**Exercise prompt**
An exact restatement of all the data is required, with the pictures left out.

**Recorded data**
:::::

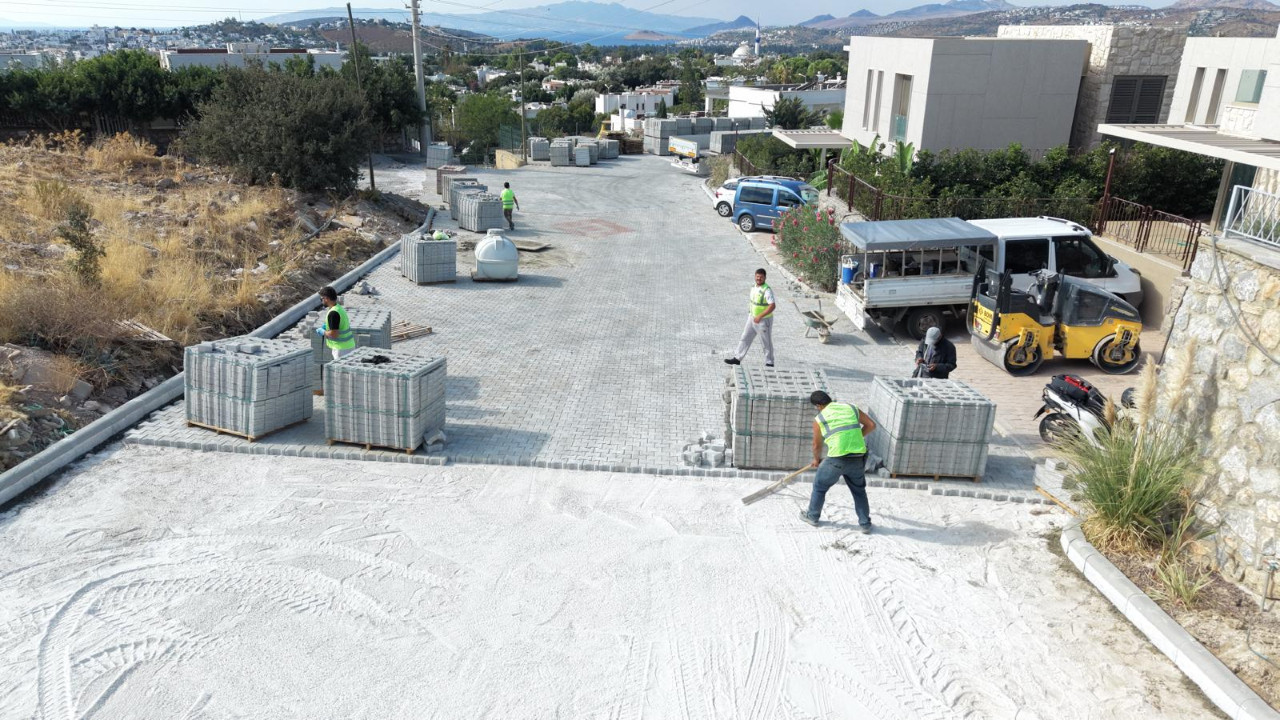 Bodrum'da parke yol çalışmaları sürüyor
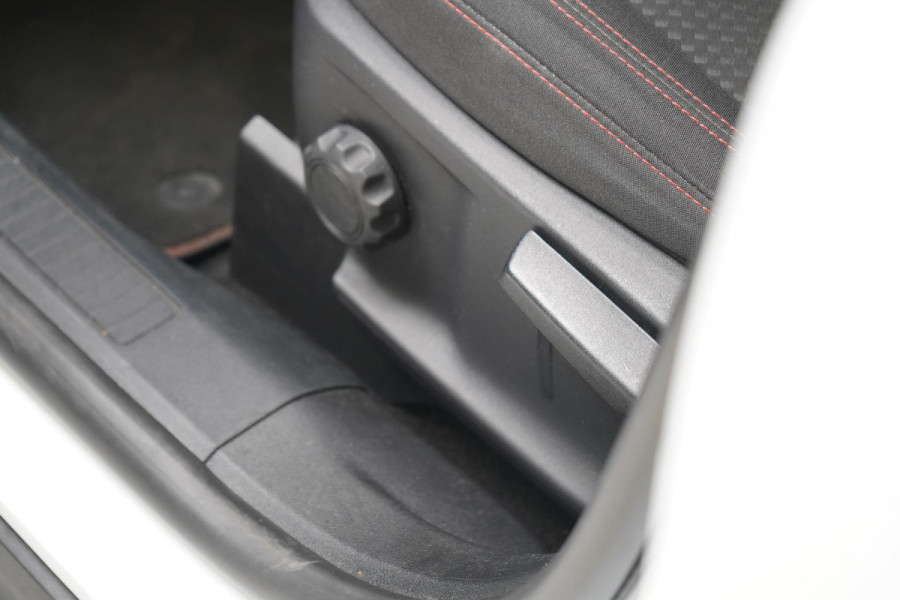 Ford Kuga 2.5 PHEV ST-Line | SoH 100% | Black Pakket | Blind-Spot | Stuurverwarming | Carplay | Navigatie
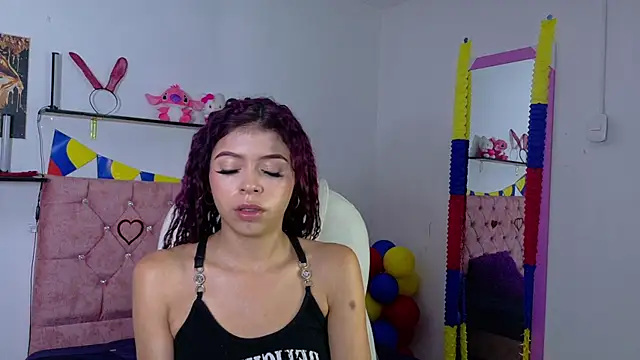 Snapshot of VelinaHoney chatting on July 15, 2026, 12:32 pm VelinaHoney online show from July 15, 2026, 12:32 pm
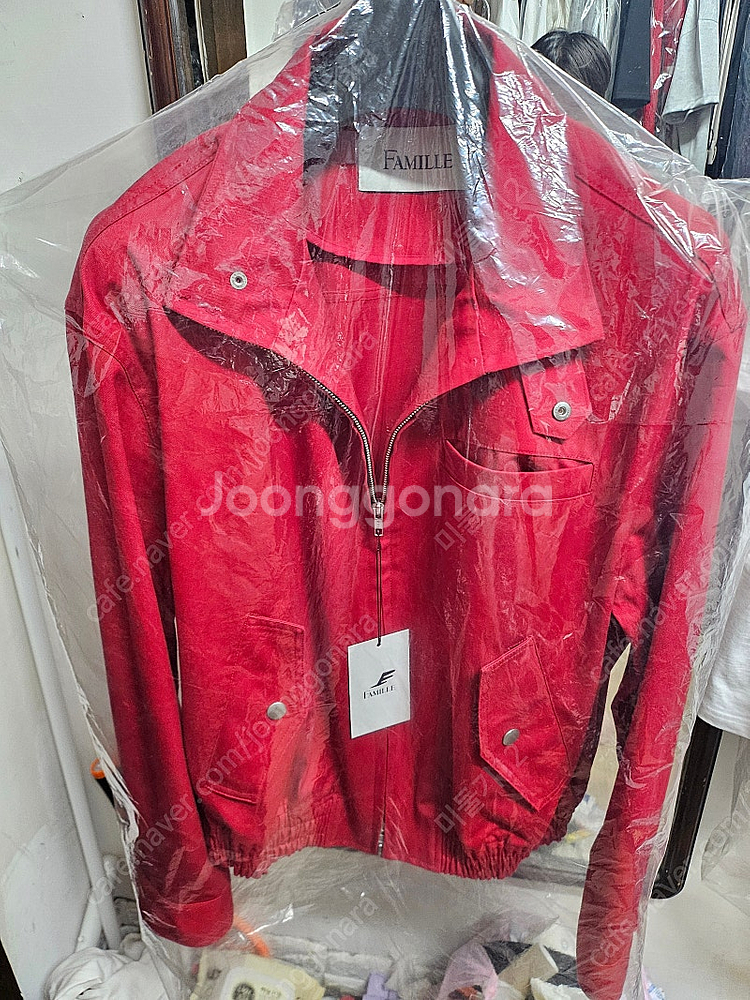 파밀레 헤링턴 자켓 레드 싸게 새상품팝니다--2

:::::

**Your solution**
 Bodrum'da parke yol çalışmaları sürüyor
 Ford Kuga 2.5 PHEV ST-Line | SoH 100% | Black Pakket | Blind-Spot | Stuurverwarming | Carplay | Navigatie
 Snapshot of VelinaHoney chatting on July 15, 2026, 12:32 pm VelinaHoney online show from July 15, 2026, 12:32 pm
 파밀레 헤링턴 자켓 레드 싸게 새상품팝니다--2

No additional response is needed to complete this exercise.